A deux reprises récemment, sur Twitter et face à Fabien Roussel sur France 2 le 24 Mars 2022, Sandrine Rousseau explique "le privé est politique". Pour situer le contexte il s'agit de prendre exemple sur les violences conjugales, qui autrefois étaient considérées comme appartenant à la sphère privée et maintenant jugées devant les tribunaux, pour rendre délictuelles les inégalités de participation aux tâches ménagères dans le couple.
La politique est ordinairement défini comme la gestion de la "polis", la cité-état grecque antique et par extension cette notion détermine ce qui est relatif à l'organisation ou la gestion d'une communauté ou de la société. Par essence elle concerne donc une collectivité dont les individus ont pour objectif de vivre ensemble.

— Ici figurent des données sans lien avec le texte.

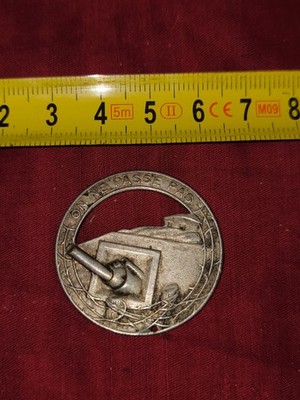 Abzeichen Metall weiß zum Aufnähen 35mm, man geht nicht, Linie Maginot Frankreich 40 WW2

Le privé semble donc, en première analyse, antinomique de la politique dans la mesure où il s'agit de considérer les actes ou pensées d'une personne dans son milieu de vie individuel ou familial. le nom "privé" ( on dit "le privé") vient du latin "privatus" qui signifie "particulier", "propre", "individuel". Quand au verbe ou à l'adjectif il signifie "séparer" ou "isoler". Pour Aristote le contraire de la possession c'est la privation. Se dégage donc l'idée que la sphère, ou la bulle privée sépare du monde, de la collectivité, pour conserver en silence et à l'abri une partie de sa vie que l'individu ne veut pas voir exposée au monde. Cette notion semble proche de celle d'intimité, qui vient de "intus": dedans. Car dedans évoque un dehors dont il est séparé comme un contenant dans un contenu. Au contraire ce qu'un individu veut partager , et faire savoir, devient "public". Pour autant peut-il vouloir accomplir tout ses désirs et agir en totale liberté dans le privé?

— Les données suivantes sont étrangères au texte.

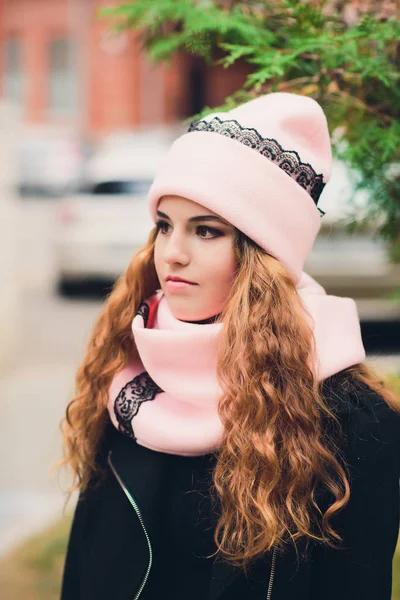 Portrait de jeune fille drôle dans le temps d'automne dans des vêtements chauds et chapeau . — Photo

Commençons par considérer l'espace privé comme subordonné et dominé par un espace sociétal global. Il est évident qu'un individu, dans le public ou dans le privé, reste soumis à la loi et doit donc répondre, y compris dans son domicile, de tout crime ou délit qui s'y produit. Mais la notion de délit ou de crime peut évoluer dans le droit. Les sociétés et les mœurs changent, les relations domestiques n'y échappent pas. Considérons par exemple la correction physique des enfants. Elle a paru pendant des siècles naturelle : donner une taloche à un gamin pour le sanctionner semblait aller de soi. Il est maintenant admis qu'il faut abandonner cette pratique néfaste pour l'enfant. Il y a peu les moyens d'éduquer les enfants étaient laissés à l'appréciation des parents, donc appartenaient à la sphère privée. Plus loin encore les enfants appartenaient corps et âme aux parents. Nous constatons que la connaissance apportée par les psychologues a pour conséquence un changement de sensibilité et de regard sur la famille et le monde des plus jeunes. De même pour l'activité sexuelle du couple : on considérait qu'un mari pouvait imposer un rapport à sa femme y compris de force, aujourd'hui c'est un viol. Ces transformations résultent de luttes politiques, essentiellement portées les femmes. La revendication d'égalité homme-femme a imposé que les rapports changent globalement dans tous les compartiments de la société, y compris dans le domaine privé. Remarquons cependant que les nouvelles méthodes d'éducation des enfants ( prescription de toute violence physique y compris gifle ou fessée), qui concernent en particulier le domaine privé, ne semblent pas résulter d'une lutte politique mais bien plutôt de recherches des psychologues et psychanalystes. La famille elle même, qui forme la charpente de cet espace privé, se recompose. On ne vit plus avec les aïeux et les enfants provenant d'autres liaisons peuvent être amenés à habiter sous le même toit.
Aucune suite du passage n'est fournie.